Pictures must not appear in the copy. Restate exactly the lines below from the one with "WAGO ITALIA SRL" through the one with "The Federal Trade", inclusive.

Data for this exercise:
==========
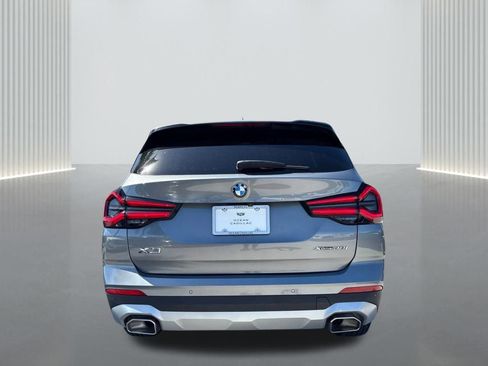 Used 2024 BMW X3 xDrive30i w/ Premium Package image 6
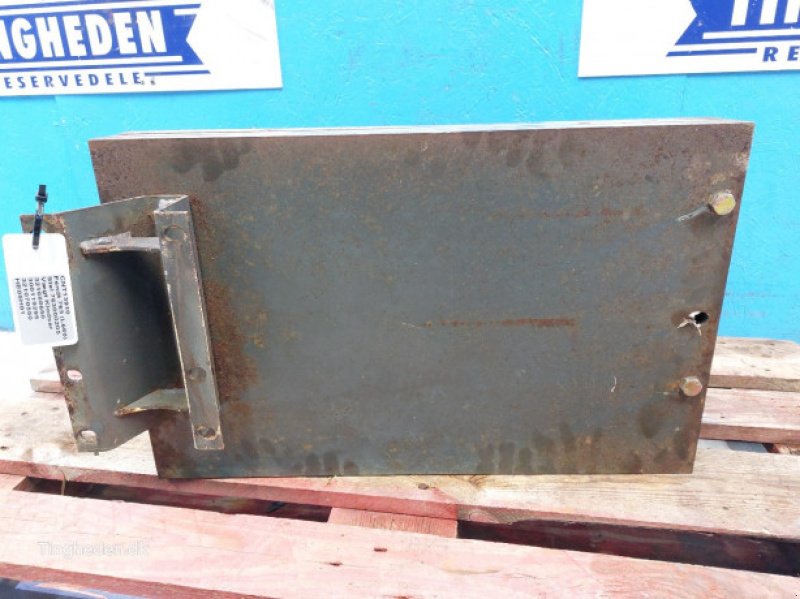 Schneidwerk typu Fendt 763, Gebrauchtmaschine v Hemmet (Obrázek 10)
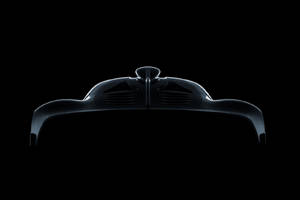 Hypercar Mercedes-AMG : appelez-la Project ONE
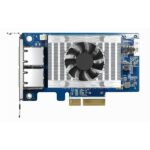 QNAP LANCARD QXG-10G2T Dual-port 10GbE - Image 4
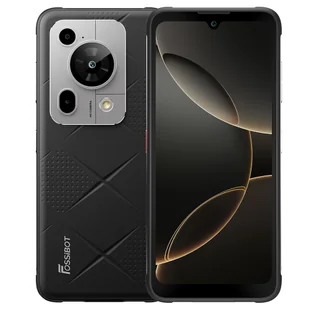 FOSSiBOT F112 Pro 5G 8/256GB Czarny - Telefony komórkowe - miniaturka - grafika 1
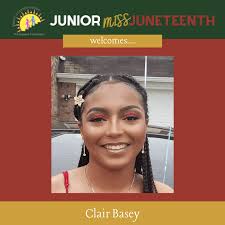 2022 Miss Juneteenth Scholarship Pageant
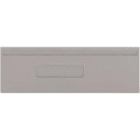 WAGO ITALIA SRL - WAG280-334 PIASTRA DI SEPARAZIONE SPESSA 2 MM, SOVR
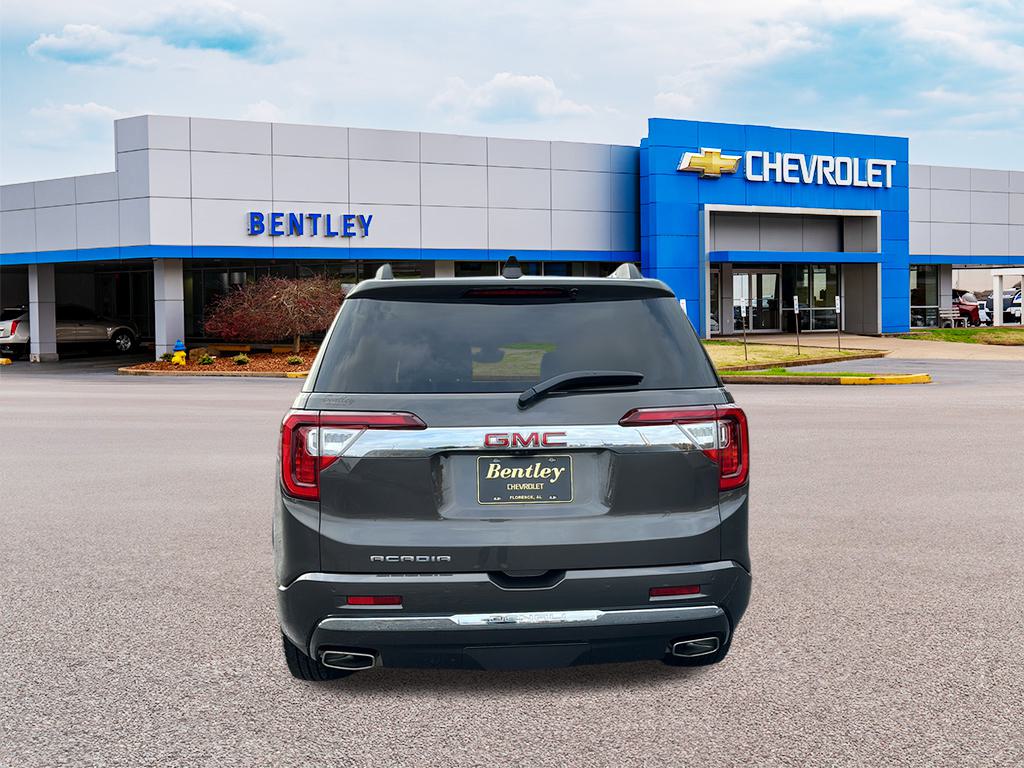 2020 GMC Acadia Denali 4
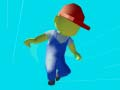 Juego Carrera de Parkour 3d.io en línea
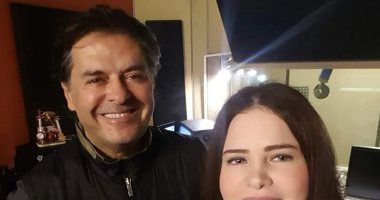 بعد نجاحهما فى أغنيته صدفة..راغب علامة يجدد تعاونه مع أمانى النورى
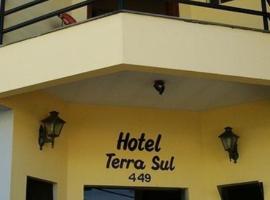 Hotel Terra Sul, hotell sihtkohas Itanhandu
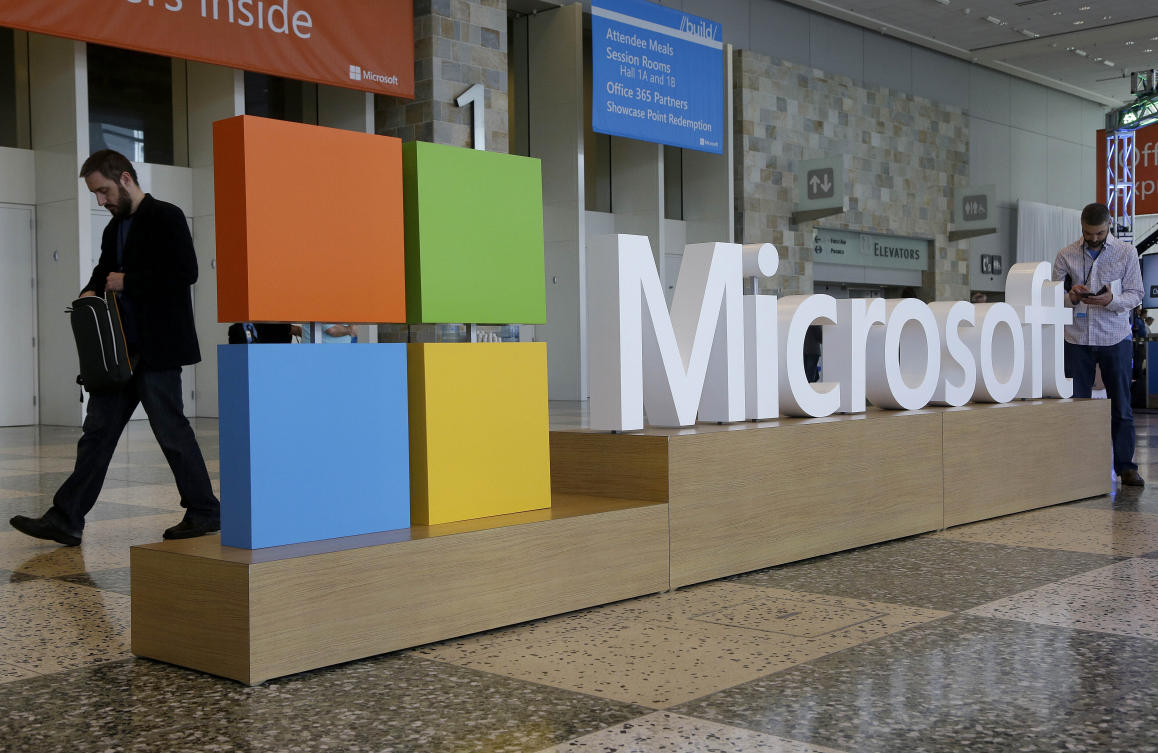 The Federal Trade Commission said Microsoft violated a law called the Children’s Online Privacy Protection Act, after the company collected personal data from children under age 13 who signed up to its Xbox gaming system without their parents’ permission. (AP)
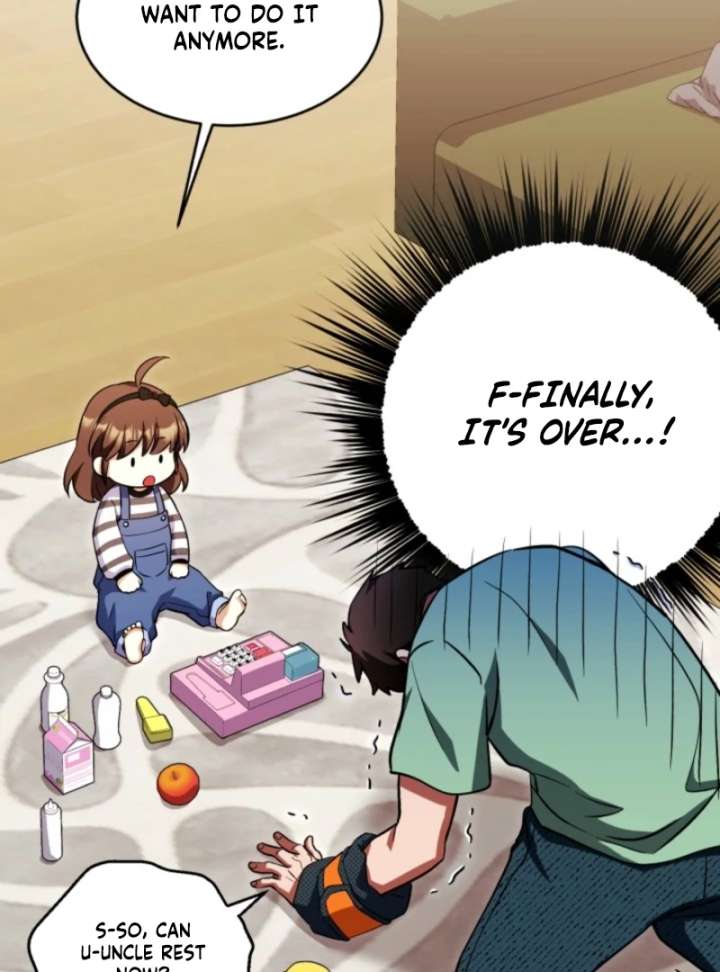 Read Even the Almighty Is a First-Time Dad EN Manga Online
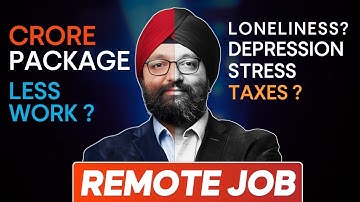 The Harsh Reality of being a Remote DevOps Engineer | Remote Job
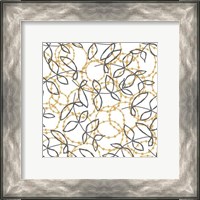 Framed Daisy Chain II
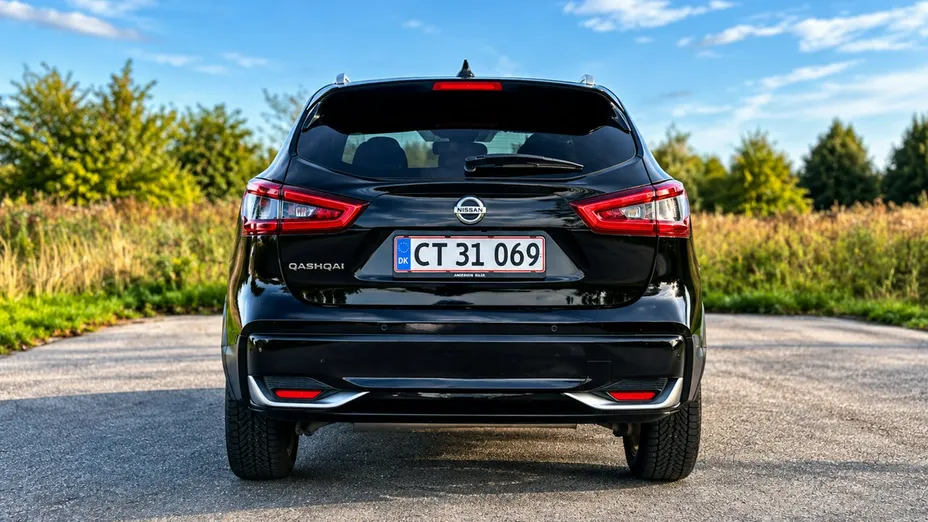 NISSAN Qashqai -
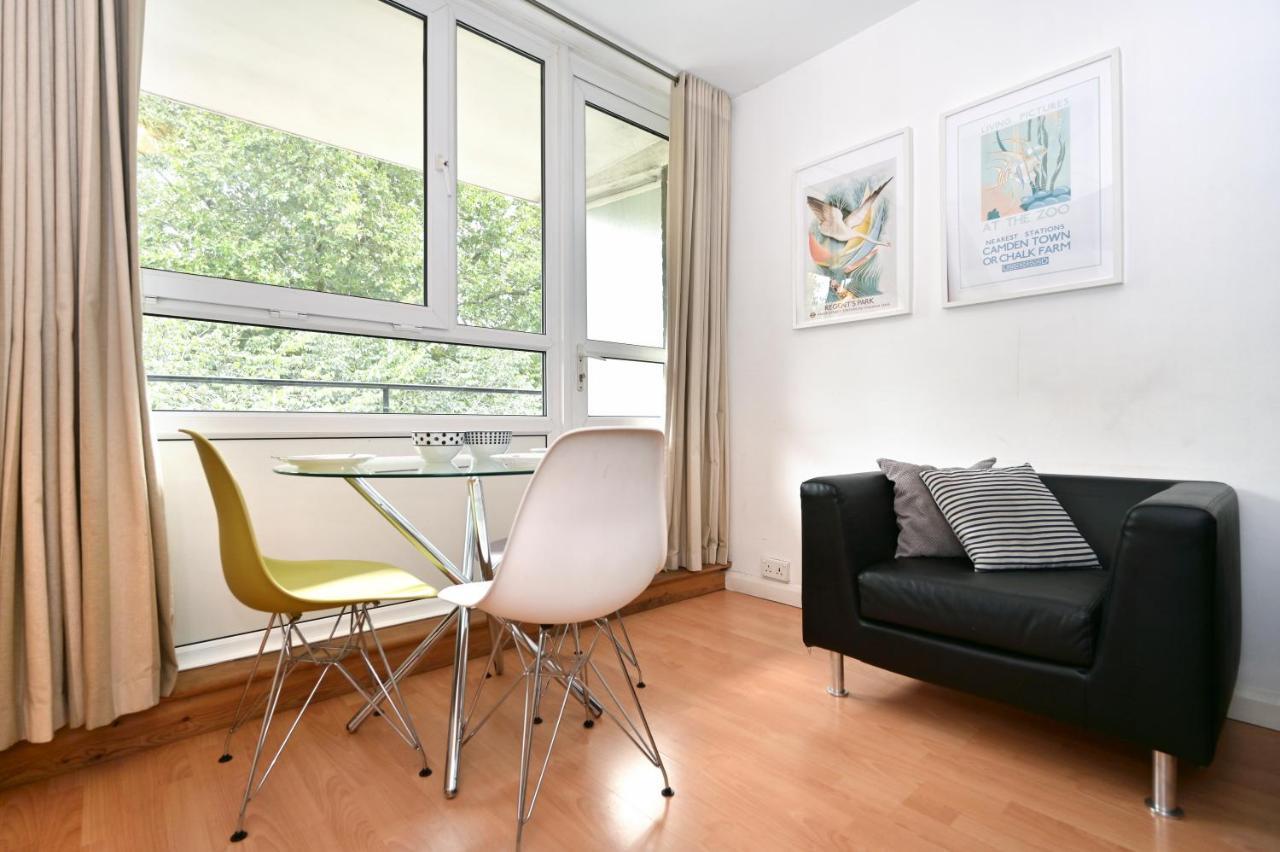 Nice Apartment - Great Portland St, Regents Pk, Euston London Exteriör bild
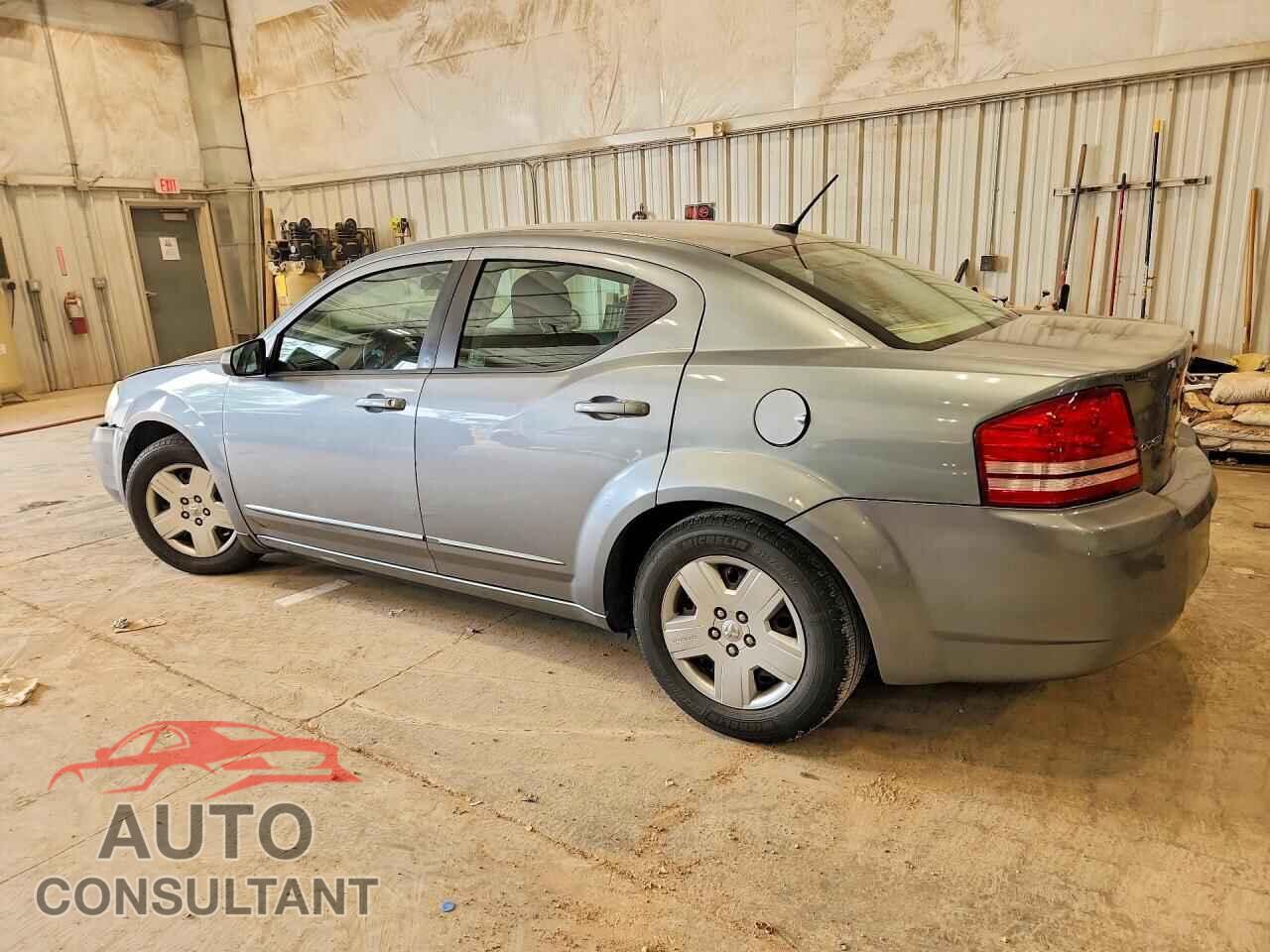 DODGE AVENGER 2010 - 1B3CC4FB1AN155117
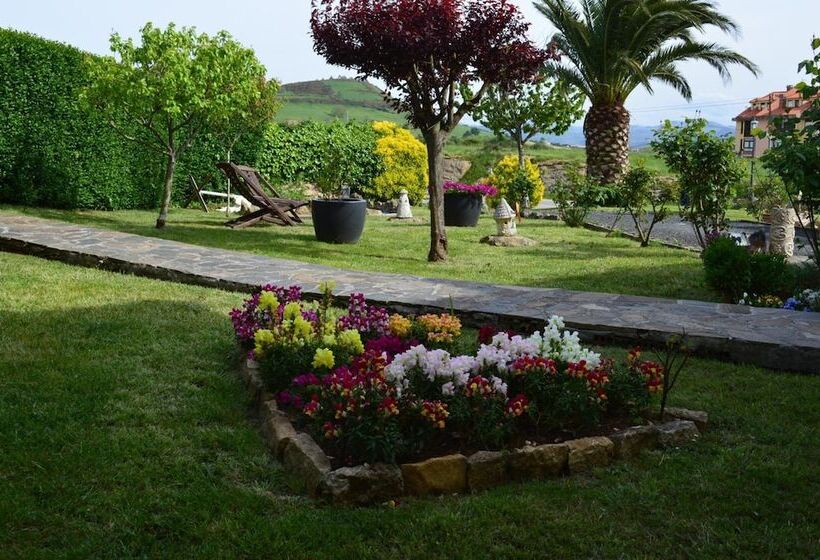فندق صغير Posada El Jardín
==========
Answer space:
 WAGO ITALIA SRL - WAG280-334 PIASTRA DI SEPARAZIONE SPESSA 2 MM, SOVR
 2020 GMC Acadia Denali 4
 Juego Carrera de Parkour 3d.io en línea
 بعد نجاحهما فى أغنيته صدفة..راغب علامة يجدد تعاونه مع أمانى النورى
 Hotel Terra Sul, hotell sihtkohas Itanhandu
 The Federal Trade Commission said Microsoft violated a law called the Children’s Online Privacy Protection Act, after the company collected personal data from children under age 13 who signed up to its Xbox gaming system without their parents’ permission. (AP)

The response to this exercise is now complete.